My grandmother’s funeral has begun, I can picture all my male cousins in black suits carrying her casket down the aisle near the altar. The same mosaic stained glass image of Jesus towers over the back of the Holy of Holies.
We always attend mass when we return to this little town. In my early childhood, I grew up going every Sunday to this place, playing recklessly with my siblings around the huge Southern oak trees. If our parents talked to long, we knew where my grandparents empty grave plots were near the back of the church and we would gather there to climb on them and wait. Those grave plots have been filled over the past 30 years, as I lose a great grand parent or grand parent. Today marks the fourth and last grandparent on my paternal side. It seems finished and deeply empty to have this fourth and last tomb filled.
I know the funeral service will begin by the eerie silence of the massive space being broken by the organs blaring sound or the squeak of a kneeling bench being pulled down by the late attendee. I can hear the monotone voice of the priest as he begins the mass, the lingering smell of incense waved over her as she is prepared for burial.

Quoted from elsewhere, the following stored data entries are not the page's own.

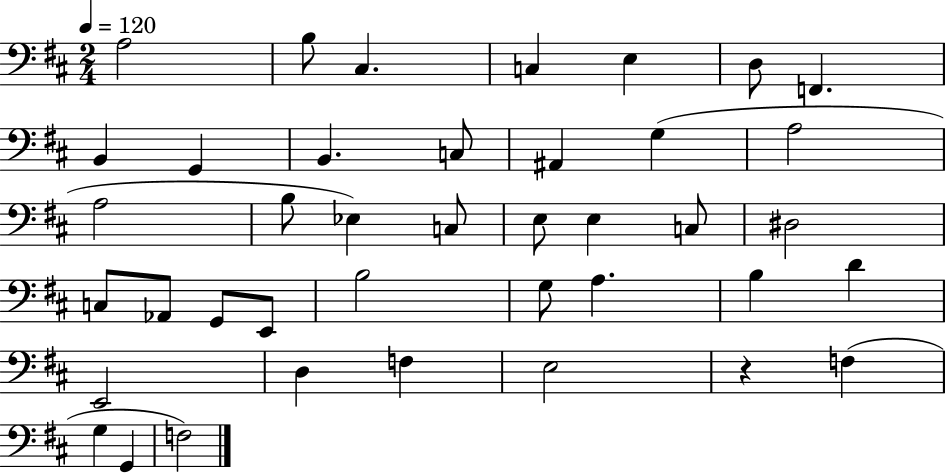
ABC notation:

X:1
T:Untitled
M:2/4
L:1/4
K:D
A,2 B,/2 ^C, C, E, D,/2 F,, B,, G,, B,, C,/2 ^A,, G, A,2 A,2 B,/2 _E, C,/2 E,/2 E, C,/2 ^D,2 C,/2 _A,,/2 G,,/2 E,,/2 B,2 G,/2 A, B, D E,,2 D, F, E,2 z F, G, G,, F,2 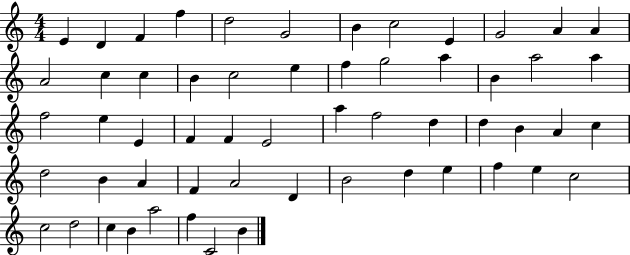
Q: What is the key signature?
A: C major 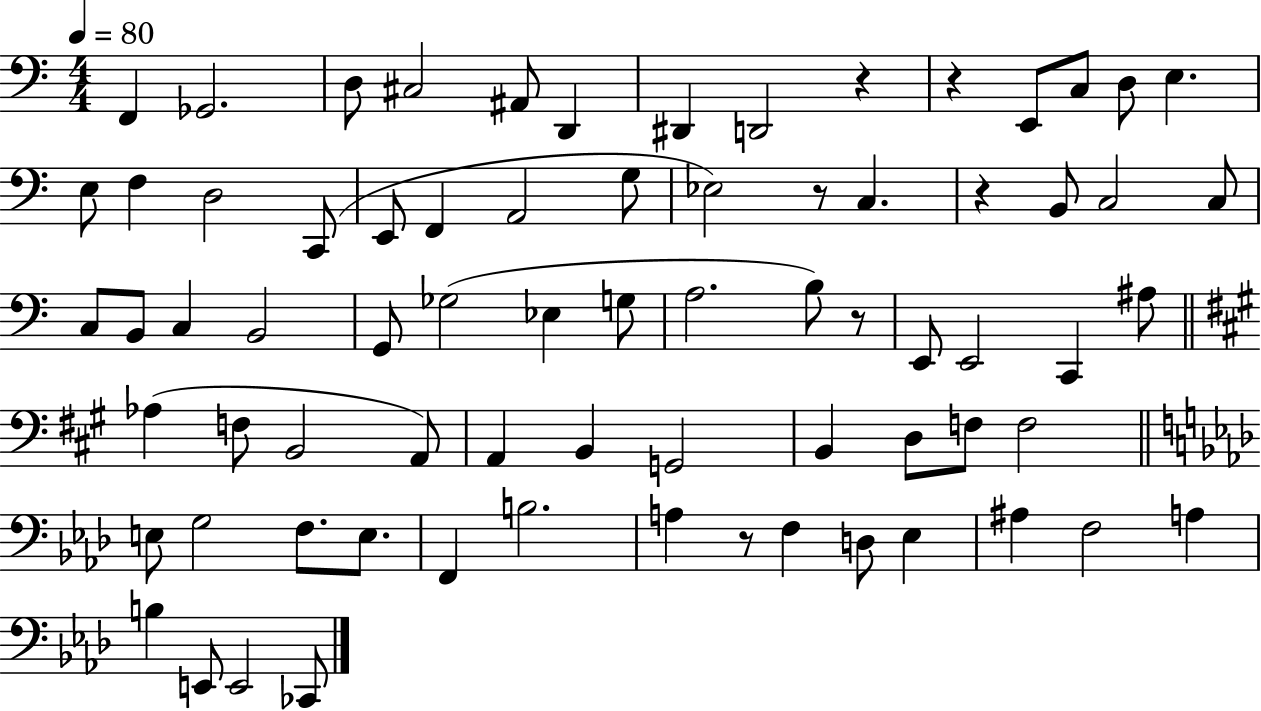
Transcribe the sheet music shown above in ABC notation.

X:1
T:Untitled
M:4/4
L:1/4
K:C
F,, _G,,2 D,/2 ^C,2 ^A,,/2 D,, ^D,, D,,2 z z E,,/2 C,/2 D,/2 E, E,/2 F, D,2 C,,/2 E,,/2 F,, A,,2 G,/2 _E,2 z/2 C, z B,,/2 C,2 C,/2 C,/2 B,,/2 C, B,,2 G,,/2 _G,2 _E, G,/2 A,2 B,/2 z/2 E,,/2 E,,2 C,, ^A,/2 _A, F,/2 B,,2 A,,/2 A,, B,, G,,2 B,, D,/2 F,/2 F,2 E,/2 G,2 F,/2 E,/2 F,, B,2 A, z/2 F, D,/2 _E, ^A, F,2 A, B, E,,/2 E,,2 _C,,/2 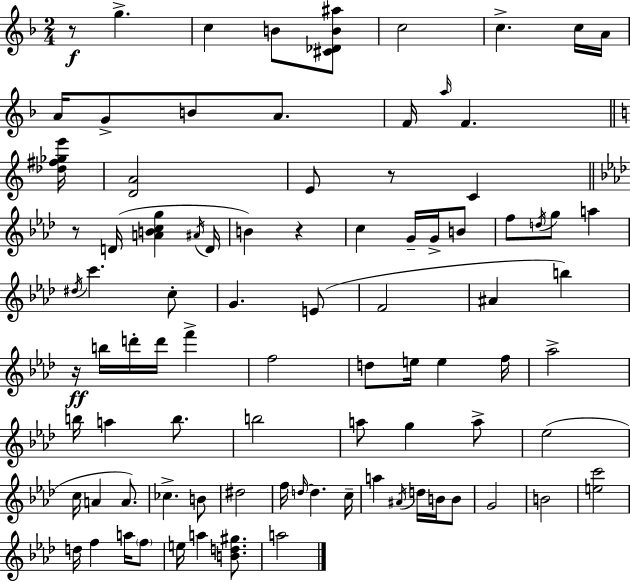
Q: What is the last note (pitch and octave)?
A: A5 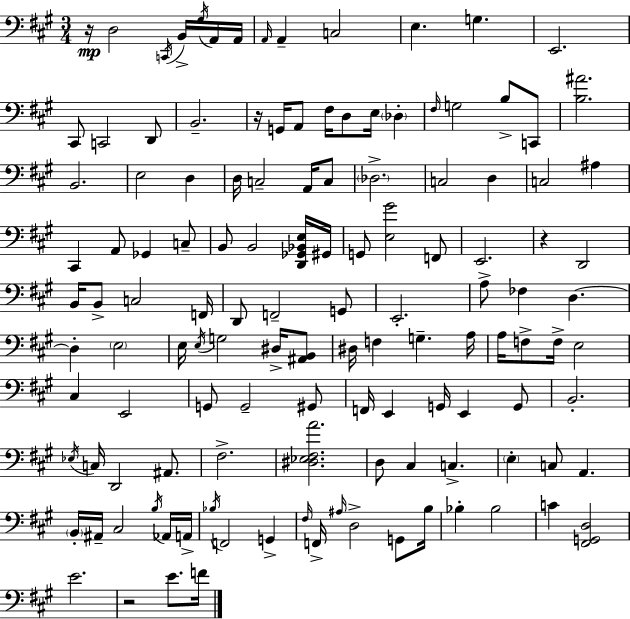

It is all so clear, because I have been there to bury my dead. I know the mechanics of a funeral procedure. Yet today, I am sitting 6,000 miles away from this service, encouraged not to fly because I am trying to build a life within me. It is heartbreaking to be separated from this event, yet I know I am being committed to my family’s legacy...to create life even in the face of death. And whether it is with pregnancy, laughter or simply breath, I know my grandmother would be leaving us all with this wish: Live well and create however you are able; for what is life if it not fully lived?